2. Indexes cannot be created. The lack of indexes on external tables does not have to be aTnegative factor in application performance. Queries of external tables complete very quickly, even though a full table scan is required with each access. There is I/O involved, but modern I/O systems use caching and RAID techniques to significantly reduce the performance penalty associated with repeated full scans of the same file.
3. Virtual columns cannot be added.
4. Constraints cannot be added.
When you create an external table, you specify its type. Each type of external table has its own access driver that provides access parameters unique to that type of external table. The access driver ensures that data from the data source is processed so that it matches the definition of the external table.
The default type for external tables is ORACLE_LOADER, which lets you read table data from an external table and load it into a database. Oracle Database also provides the ORACLE_DATAPUMP type, which lets you unload data (that is, read data from a table in the database and insert it into an external table) and then reload it into an Oracle database.

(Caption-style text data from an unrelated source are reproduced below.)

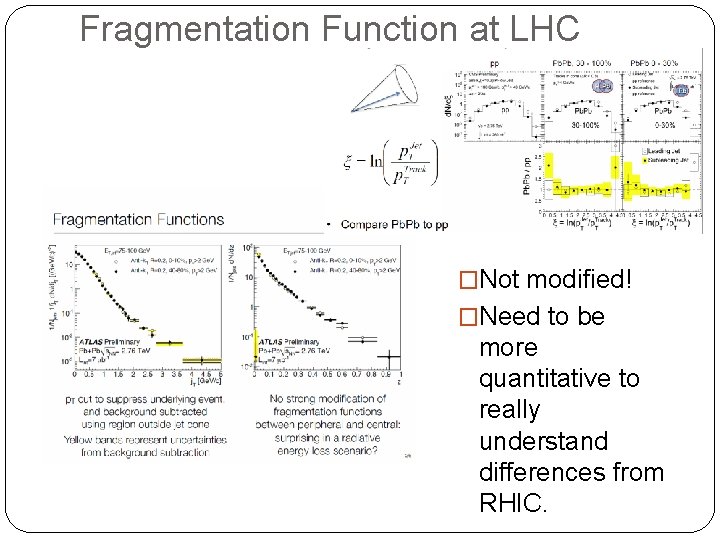 Fragmentation Function at LHC �Not modified! �Need to be more quantitative to really understand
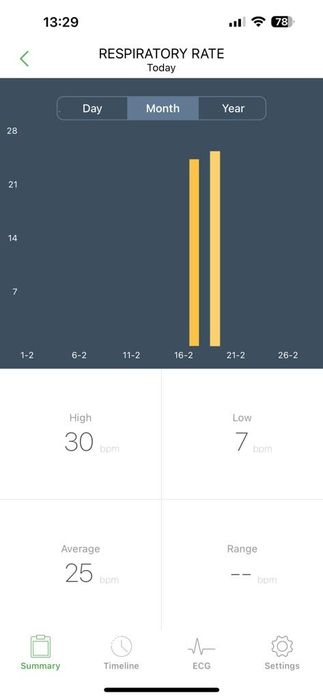 Qardio Core monitorizare cardio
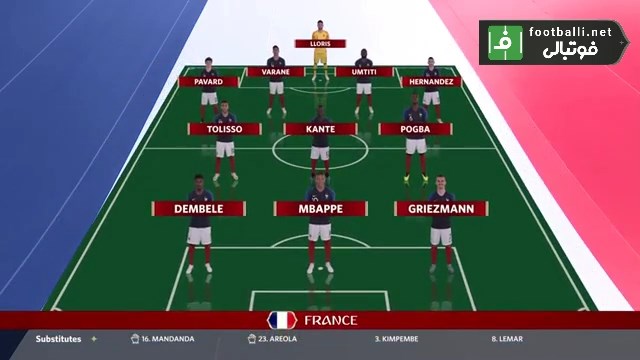 ترکیب شماتیک استرالیا و فرانسه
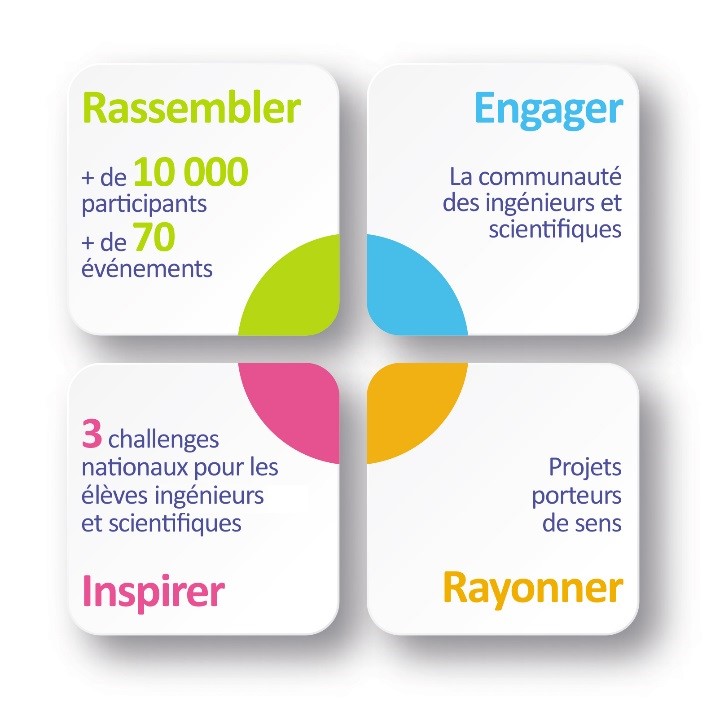 image texte JNI 2017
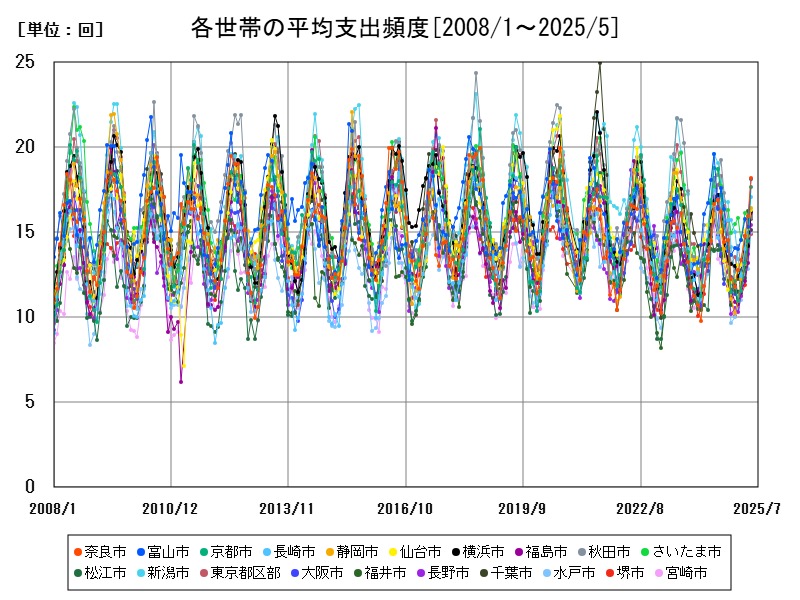 各世帯の平均支出頻度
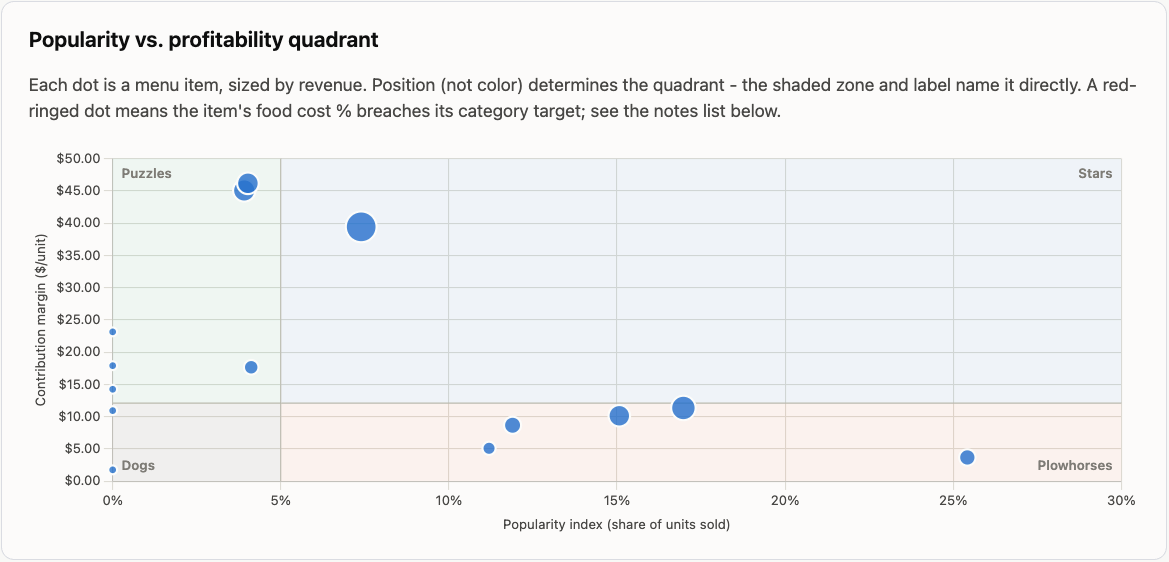 Popularity vs. profitability quadrant chart, real report data
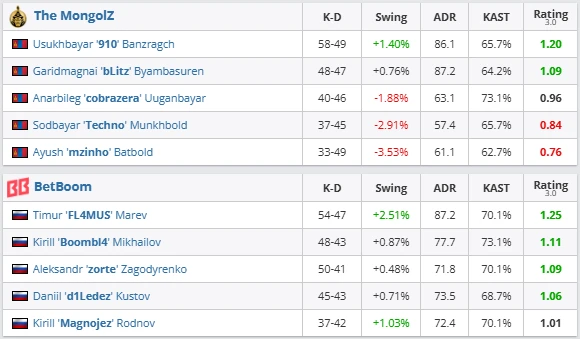 BetBoom edge The MongolZ in three maps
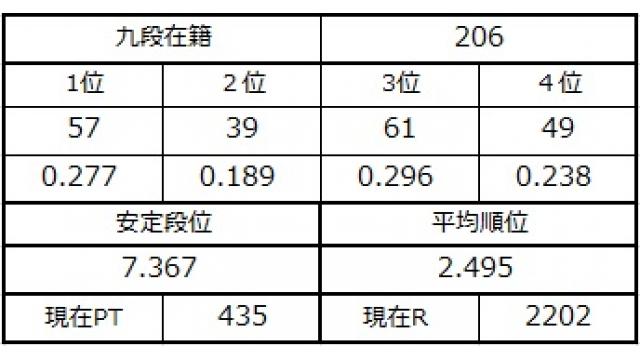 九段坂奮闘記４　vol.57
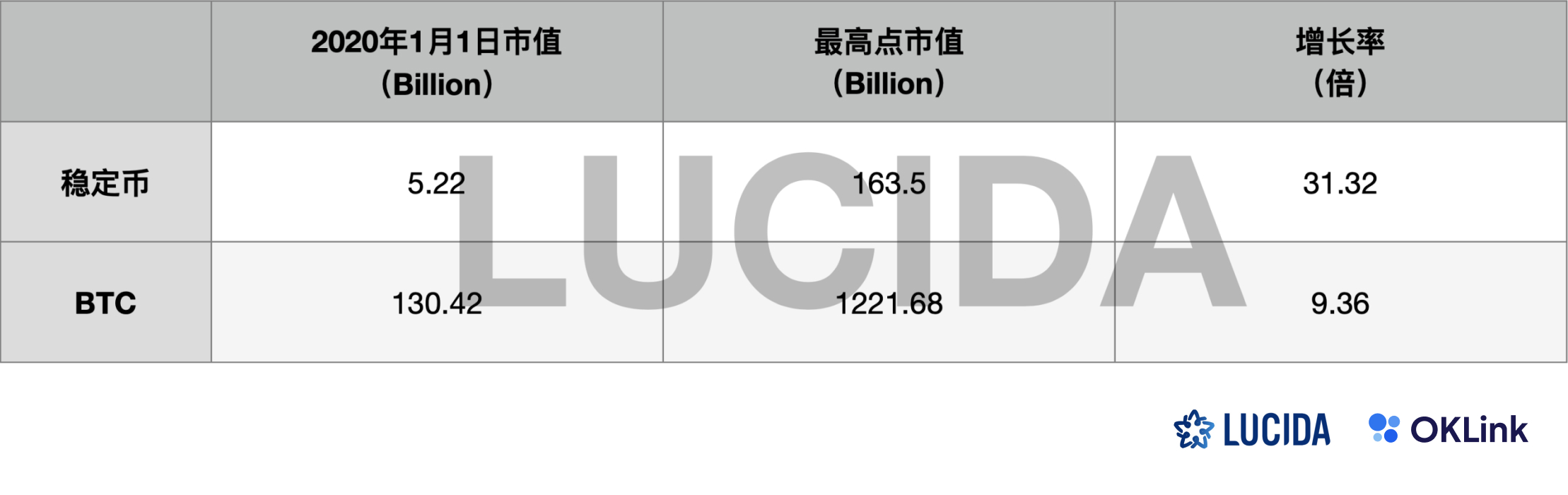 以本轮周期为鉴 探索链上数据对二级市场的投资价值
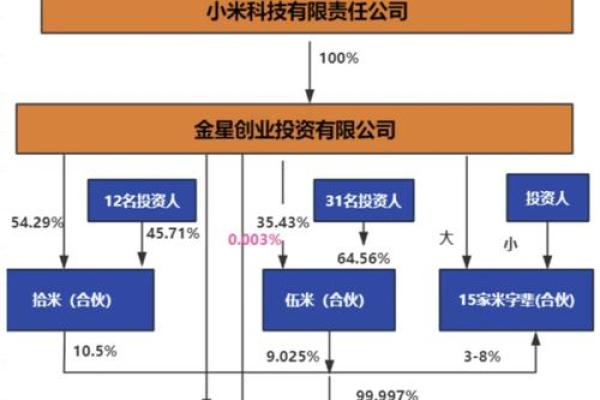 刘强东八字解析：探秘背后的命运轨迹与商业智慧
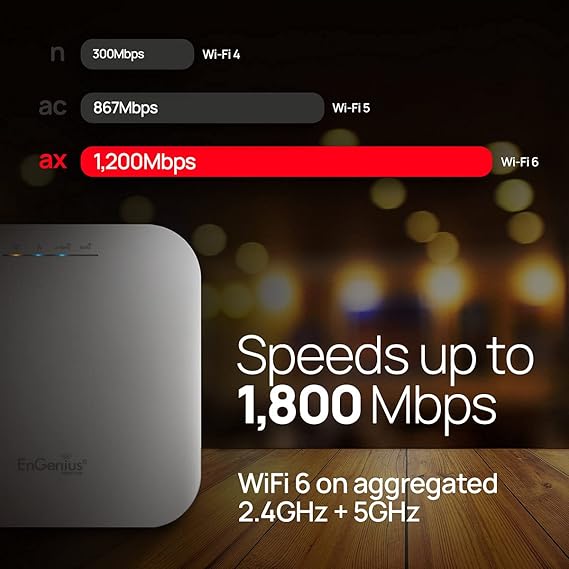 EnGenius EWS357AP WiFi 6 AX1800 2x2 Gigabit Wireless Access Point Features OFDMA, MU-MIMO, PoE+, WPA3, 1Gbps Port, up to 1024 Client Devices, License-Free Cloud Tools (Power Adapter Not Included) Brand: EnGenius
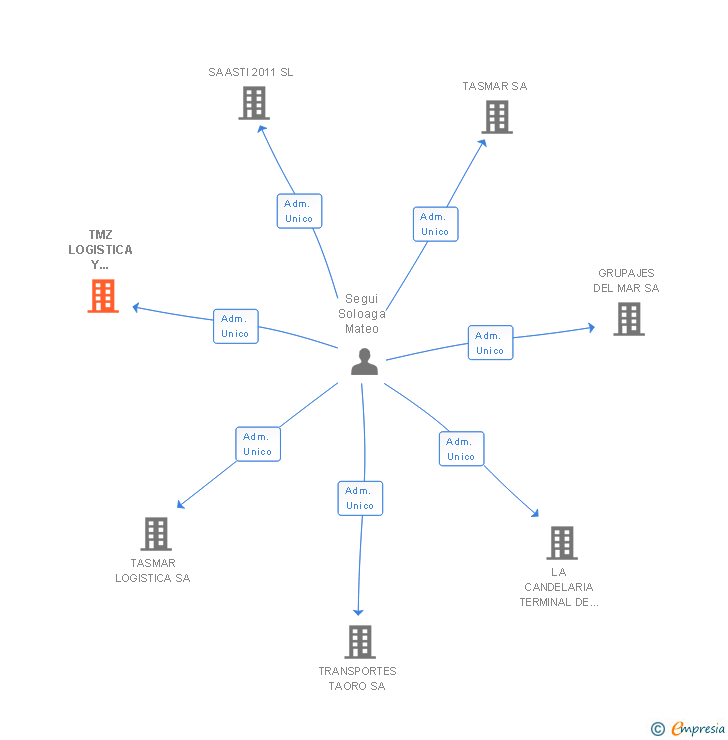 Vinculaciones societarias de TMZ LOGISTICA Y SERVICIOS SL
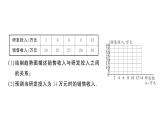 初中数学新人教版七年级下册12.2.3 趋势图作业课件2025春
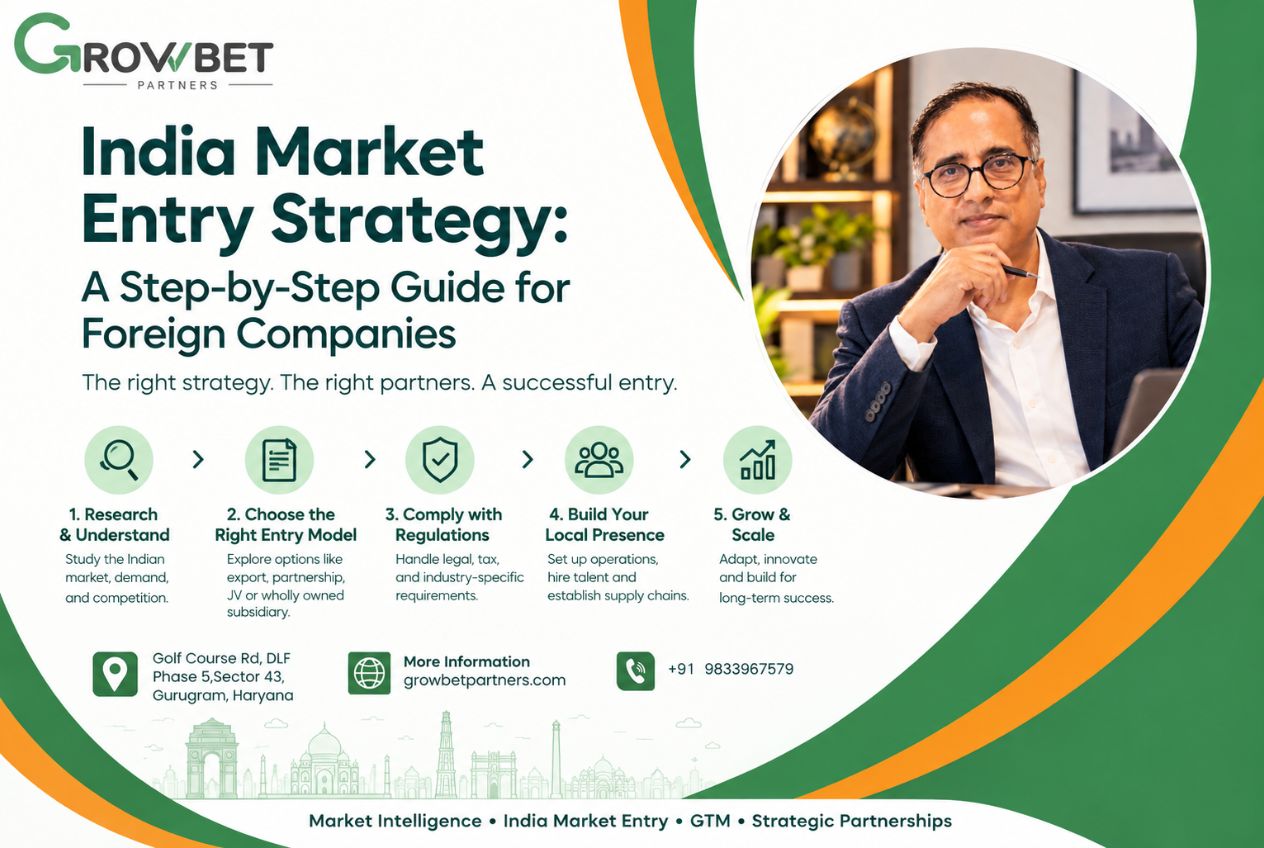 India market entry strategy: A step-by-step guide for foreign companies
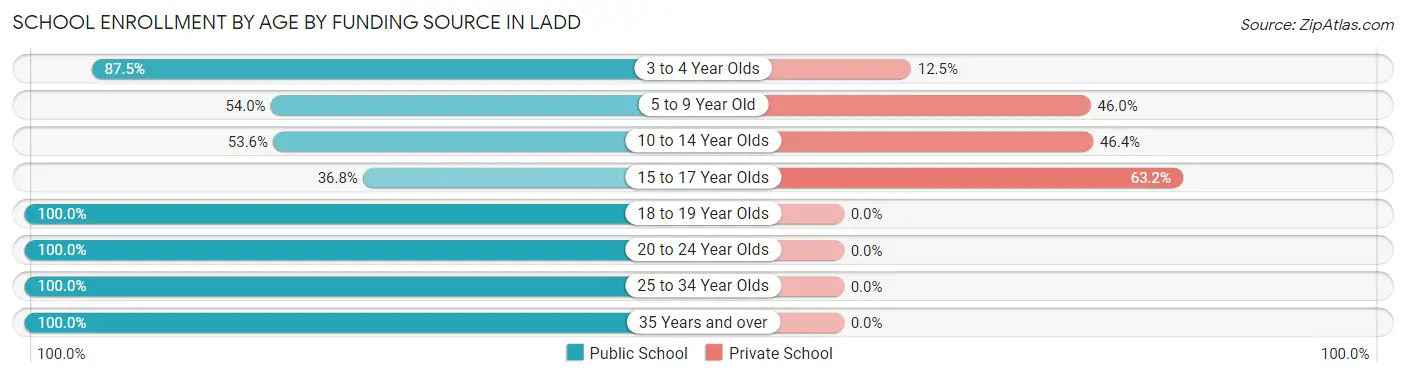 School Enrollment by Age by Funding Source in Ladd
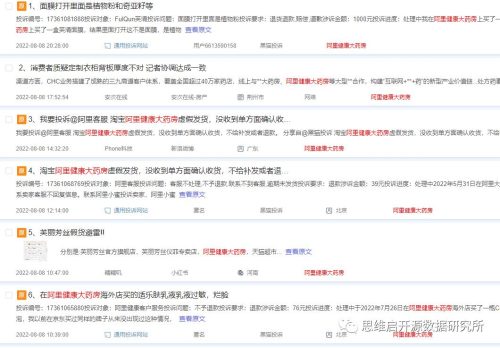 网上药店排名第一(网上药店排名前十)插图13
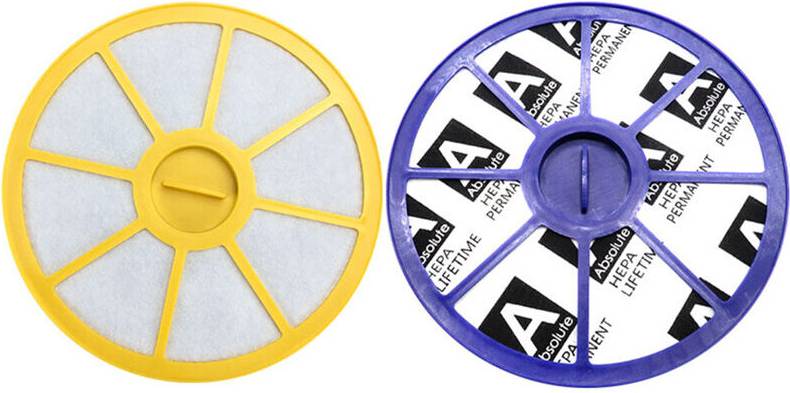 Dyson Compatible Filter Kit Pre-Motor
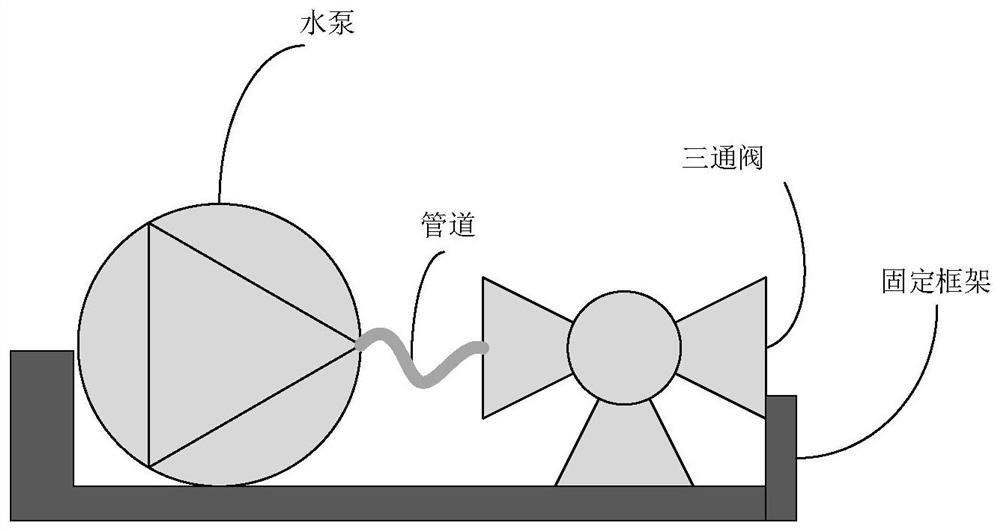 Thermal management system for automobile and thermal management method based on the same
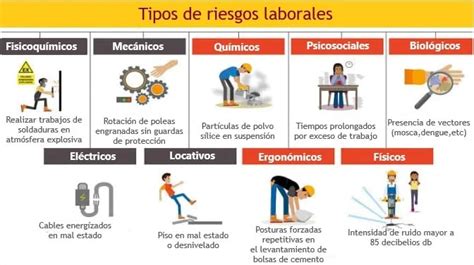 Tipos De Riesgos De Sst Image To U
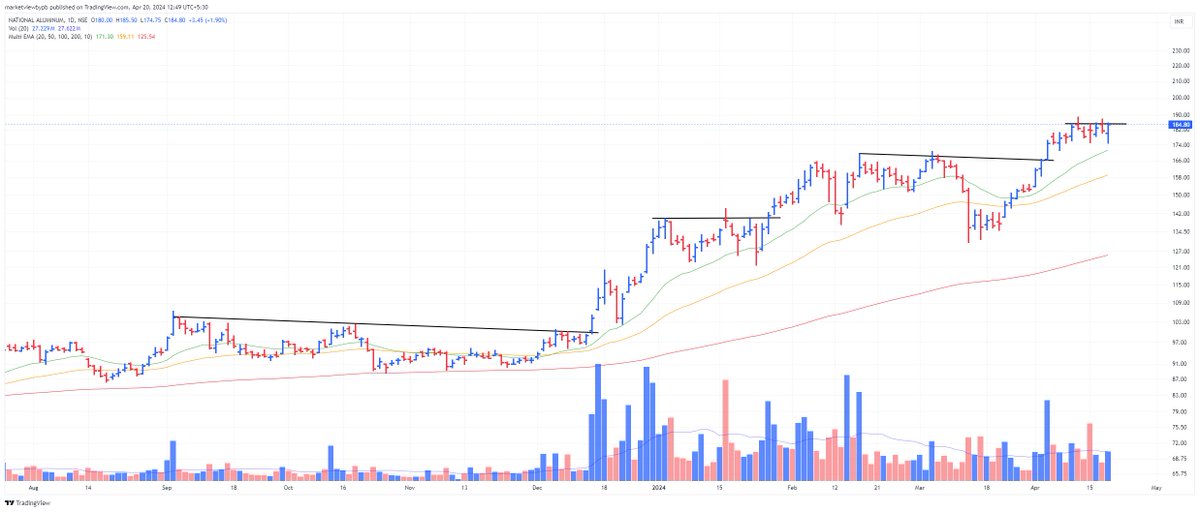 National Aluminum

The stock is setting up really well and showed a strong bounce from 20 EMA recently.

Now it is trading near upper resistance level of 185 level.

Multiple price hikes by the company in the past 1-2 months.  

MVP Rating  - ⭐️⭐️⭐️⭐️⭐️

#NALCO
#NATIONALUM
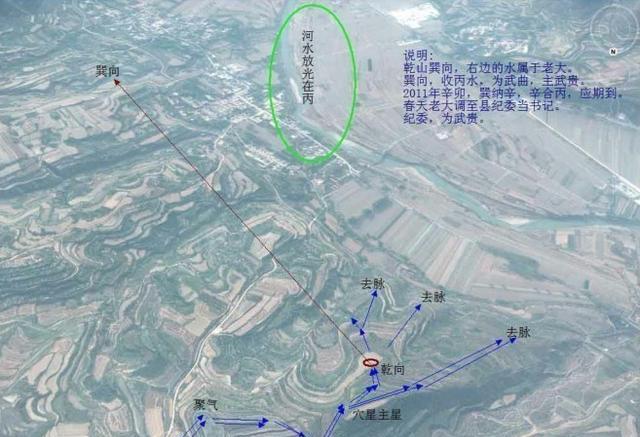深入浅出,几张图让你看懂,甚么是风水寻龙撼龙(倡议转藏)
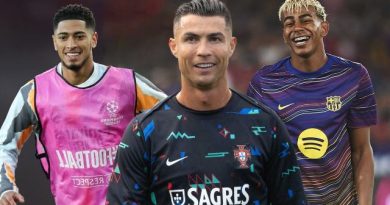 Bu senenin en çok kazanan futbolcuları listesinde zirve Ronaldo’nun oldu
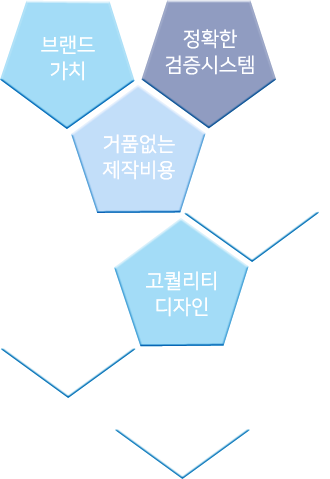 브랜드가치, 정확한 검증시스템, 거품없는 제작비용, 철저한관리, 고퀄리티 디자인, 고객중심 서비스, 위.변조방지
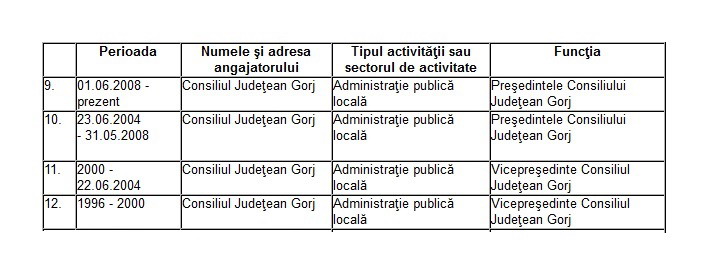 Călinoiu a uitat limba română sau n-a știut-o niciodată? (I)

To access external files from within Oracle, you must first use the create directory command to define a directory object pointing to the external files’ location. After this, execute the create table command with the organization external clause.
create directory BOOK_DIR as 'e:\oracle\external'; grant read on directory BOOK_DIR to practice; grant write on directory BOOK_DIR to practice; create table BOOKSHELF_EXT (Title VARCHAR2(100), Publisher VARCHAR2(20), CategoryName VARCHAR2(20), Rating VARCHAR2(2)) organization external (type ORACLE_LOADER default directory BOOK_DIR access parameters (records delimited by newline fields terminated by "~" (Title CHAR(100), Publisher CHAR(20), CategoryName CHAR(20), Rating CHAR(2))) location ('bookshelf_dump.lst'));
External Tables vs SQL*Loader
Some of the key functionality features that external tables have over SQLLDR in my experience are as follows:
• The ability to use complex WHERE conditions to selectively load data. SQLLDR has a WHEN clause to select rows to load, but you are limited to using only AND expressions and expressions using equality—no ranges (greater than, less than), no OR expressions, no IS NULL, and so on.
• The ability to MERGE data. You can take an operating system file full of data and update existing database records from it.
• The ability to perform efficient code lookups. You can join an external table to other database tables as part of your load process.
• Easier multitable inserts using INSERT. Starting in Oracle9i, an INSERT statement can insert into one or more tables using complex WHEN conditions. While SQLLDR can load into multiple tables, it can be quite complex to formulate the syntax.
• A shallower learning curve for new developers. SQLLDR is “yet another tool” to learn, in addition to the programming language, the development tools, the SQL language, and so on. As long as a developer knows SQL, he can immediately apply that knowledge to bulk data loading, without having to learn a new tool (SQLLDR).
SQLLDR should be chosen over external tables in the following three situations:
• You have to load data over a network—in other words, when the input file is not on the database server itself. Because the access driver is part of the Oracle software, only the files accessible to the database can be access as external tables.
• Multiple users must concurrently work with the same external table processing different input files.
• You have to work with LOB types. External tables do not support LOBs.